The origin of the name Patchy Cake Eater started from the name “Cake Eater” which is a phrased used in the early 1900s. It describes a man going out, partying and indulging himself while wearing something sexy and playful. The reason I put patchy on top of that is because of the life I have been through.
As you can see, there's always a colorful and playful element to my designs. The essence of the garment is to create the image of a man who puts a casual twist on tailored clothes. We’ve taken masculine tailoring for women and crossed it over to men’s fashion. I try to bring the image of a ladies’ man back into the clothing and put it all together.
Tell us about your SS15 collection? I think the green suit and the Paparatchi jacket really stands out.
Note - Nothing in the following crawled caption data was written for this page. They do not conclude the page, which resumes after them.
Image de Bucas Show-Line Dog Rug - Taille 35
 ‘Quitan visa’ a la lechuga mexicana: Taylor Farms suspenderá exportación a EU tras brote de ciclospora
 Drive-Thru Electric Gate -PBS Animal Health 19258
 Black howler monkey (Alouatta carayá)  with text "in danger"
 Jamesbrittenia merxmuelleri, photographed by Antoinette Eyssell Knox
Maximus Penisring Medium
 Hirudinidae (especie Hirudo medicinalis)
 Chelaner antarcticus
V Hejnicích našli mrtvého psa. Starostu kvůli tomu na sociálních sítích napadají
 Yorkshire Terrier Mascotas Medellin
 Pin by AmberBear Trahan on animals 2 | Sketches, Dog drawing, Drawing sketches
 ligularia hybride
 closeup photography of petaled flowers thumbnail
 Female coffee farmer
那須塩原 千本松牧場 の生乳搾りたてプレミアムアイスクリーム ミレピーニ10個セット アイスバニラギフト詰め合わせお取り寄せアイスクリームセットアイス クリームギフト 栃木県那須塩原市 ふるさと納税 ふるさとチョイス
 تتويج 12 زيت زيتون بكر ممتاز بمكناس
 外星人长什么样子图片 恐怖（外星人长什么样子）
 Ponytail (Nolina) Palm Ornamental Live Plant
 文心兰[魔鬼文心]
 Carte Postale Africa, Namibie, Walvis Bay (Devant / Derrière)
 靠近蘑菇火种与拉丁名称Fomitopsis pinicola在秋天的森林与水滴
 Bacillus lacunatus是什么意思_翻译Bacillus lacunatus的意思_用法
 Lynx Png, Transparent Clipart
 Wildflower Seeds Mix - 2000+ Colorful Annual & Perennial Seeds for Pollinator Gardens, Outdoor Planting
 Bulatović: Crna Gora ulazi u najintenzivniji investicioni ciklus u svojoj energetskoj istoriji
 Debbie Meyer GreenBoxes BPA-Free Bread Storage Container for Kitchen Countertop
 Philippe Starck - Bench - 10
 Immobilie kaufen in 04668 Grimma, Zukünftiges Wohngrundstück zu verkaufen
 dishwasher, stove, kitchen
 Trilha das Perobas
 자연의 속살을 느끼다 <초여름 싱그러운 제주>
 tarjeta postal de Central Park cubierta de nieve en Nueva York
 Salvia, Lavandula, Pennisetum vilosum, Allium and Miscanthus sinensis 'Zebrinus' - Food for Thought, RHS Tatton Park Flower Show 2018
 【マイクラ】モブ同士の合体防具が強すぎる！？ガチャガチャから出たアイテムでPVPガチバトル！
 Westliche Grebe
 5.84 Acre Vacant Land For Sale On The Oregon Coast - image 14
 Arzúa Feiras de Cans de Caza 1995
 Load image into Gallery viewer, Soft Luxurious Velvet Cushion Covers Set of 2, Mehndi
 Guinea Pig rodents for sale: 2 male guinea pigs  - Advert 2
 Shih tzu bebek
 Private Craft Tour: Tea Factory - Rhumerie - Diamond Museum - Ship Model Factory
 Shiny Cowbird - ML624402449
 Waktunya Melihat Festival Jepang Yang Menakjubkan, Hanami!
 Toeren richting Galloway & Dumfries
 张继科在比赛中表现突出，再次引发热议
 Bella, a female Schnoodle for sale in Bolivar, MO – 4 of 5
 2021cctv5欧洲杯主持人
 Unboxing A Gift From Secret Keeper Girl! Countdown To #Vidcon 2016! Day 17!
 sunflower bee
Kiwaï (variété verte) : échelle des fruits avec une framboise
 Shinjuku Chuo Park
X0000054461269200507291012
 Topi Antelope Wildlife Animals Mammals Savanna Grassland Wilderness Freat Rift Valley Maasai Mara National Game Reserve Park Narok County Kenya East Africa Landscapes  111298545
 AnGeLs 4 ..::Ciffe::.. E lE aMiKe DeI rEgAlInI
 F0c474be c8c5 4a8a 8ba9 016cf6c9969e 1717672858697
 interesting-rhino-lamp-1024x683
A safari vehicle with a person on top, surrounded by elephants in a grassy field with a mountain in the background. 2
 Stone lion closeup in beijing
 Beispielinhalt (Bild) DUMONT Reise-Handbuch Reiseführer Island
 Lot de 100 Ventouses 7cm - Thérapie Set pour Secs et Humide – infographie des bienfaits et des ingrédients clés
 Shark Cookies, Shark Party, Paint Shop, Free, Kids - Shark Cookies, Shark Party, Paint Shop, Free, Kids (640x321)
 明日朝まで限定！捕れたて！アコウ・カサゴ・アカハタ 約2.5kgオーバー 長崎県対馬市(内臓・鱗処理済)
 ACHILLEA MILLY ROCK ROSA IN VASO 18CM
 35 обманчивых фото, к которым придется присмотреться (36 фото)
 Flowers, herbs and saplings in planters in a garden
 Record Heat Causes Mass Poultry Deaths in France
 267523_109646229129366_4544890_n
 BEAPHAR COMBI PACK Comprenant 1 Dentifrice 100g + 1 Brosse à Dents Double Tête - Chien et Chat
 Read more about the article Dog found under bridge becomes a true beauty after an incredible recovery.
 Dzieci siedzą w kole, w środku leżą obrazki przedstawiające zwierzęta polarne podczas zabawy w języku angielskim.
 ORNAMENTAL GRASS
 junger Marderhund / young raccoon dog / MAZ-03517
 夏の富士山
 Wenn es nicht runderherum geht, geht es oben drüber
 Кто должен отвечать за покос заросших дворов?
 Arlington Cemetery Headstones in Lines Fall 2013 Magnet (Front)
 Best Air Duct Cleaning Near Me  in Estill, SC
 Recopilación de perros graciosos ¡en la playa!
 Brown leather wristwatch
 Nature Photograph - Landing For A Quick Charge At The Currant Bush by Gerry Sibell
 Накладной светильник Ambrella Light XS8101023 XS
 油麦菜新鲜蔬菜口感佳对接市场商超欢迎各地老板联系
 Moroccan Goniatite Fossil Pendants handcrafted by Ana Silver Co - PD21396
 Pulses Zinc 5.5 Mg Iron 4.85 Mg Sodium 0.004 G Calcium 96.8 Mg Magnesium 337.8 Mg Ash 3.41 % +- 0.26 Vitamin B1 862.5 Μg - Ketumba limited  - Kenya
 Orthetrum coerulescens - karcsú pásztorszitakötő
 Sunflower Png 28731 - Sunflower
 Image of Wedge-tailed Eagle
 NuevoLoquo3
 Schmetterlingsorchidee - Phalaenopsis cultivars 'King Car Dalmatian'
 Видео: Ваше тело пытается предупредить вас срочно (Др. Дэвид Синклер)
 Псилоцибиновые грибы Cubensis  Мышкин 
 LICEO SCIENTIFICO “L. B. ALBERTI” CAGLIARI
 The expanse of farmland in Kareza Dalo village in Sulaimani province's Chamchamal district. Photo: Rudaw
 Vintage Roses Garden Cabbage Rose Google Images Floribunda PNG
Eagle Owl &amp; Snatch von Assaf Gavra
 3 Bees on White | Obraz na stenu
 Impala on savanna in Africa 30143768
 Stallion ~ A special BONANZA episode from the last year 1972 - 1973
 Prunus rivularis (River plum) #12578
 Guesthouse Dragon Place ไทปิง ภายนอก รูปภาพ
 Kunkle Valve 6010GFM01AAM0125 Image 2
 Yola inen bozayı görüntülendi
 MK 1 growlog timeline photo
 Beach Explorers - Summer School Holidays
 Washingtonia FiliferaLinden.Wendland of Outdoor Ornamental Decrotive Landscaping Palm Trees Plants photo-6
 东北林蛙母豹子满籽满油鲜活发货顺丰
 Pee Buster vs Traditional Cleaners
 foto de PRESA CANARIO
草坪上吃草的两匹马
Which are your favourite pieces of this collection?
Obviously the green coat as you mentioned. On top of that, the striped coats and the flowery pieces.
Can you give a man some style advice?
It’s a pretty difficult question because everyone has different body shapes. When I start creating, I start from the shoulder and then focus on the silhouette. So a fitted-shoulder line is important.
What and who has been your main source of inspiration?
My childhood memories.
What have been your biggest struggles and successes so far in your career? How did over coming past your struggles motivate you?
I started from small exhibitions, running my own brand year after year and now I am participating in the Tokyo collection. Gradually, more and more people got involved in the business. I’ve had the opportunity to meet a lot of people I wouldn’t have had the chance to meet so that keeps me going.
Do you have any plans to collaborate with other designers or artists in the near future?
Not off the top of my head but I started doing some projects with the ex-chief editor of L’Uomo Vogue Italy, who is now the chief editor of L’Officiel Italia. I also worked with one of the better-known fashion photographers in Japan for the look book. I am happy to collaborate with famous people in the fashion industry not only in Japan but from other countries.
Anyone in particular who you would love to see wearing your label?
Not in particular. If people pick up or wear items from my collection, I would be happy with that.
The models that you chose for the runway of your collection have a very particular style. A ladies man with an eclectic style, sometimes clad with tattoos. Are you involved with casting the models?
My stance for casting models is supervising it by following my image for every collection. For instance, the most recent show we held castings for over 30 to 40 models. I chose the models which fit our image. Not feminine, but manly, yet still elegant. For example, the guy with the moustache, or the beard and tattoos.
I don’t see my clothes as avant-garde. There are a lot of high-fashion type models but I prefer choosing models which people can relate to or can imagine as themselves.
Any advice for young fashion designers?
Actually no, I still see myself as a young designer. But if I had to say one thing, it would be that some men’s runway shows here are deviating too far from something wearable. There has to be a balance between entertainment and what is represented should be able to be worn on the street.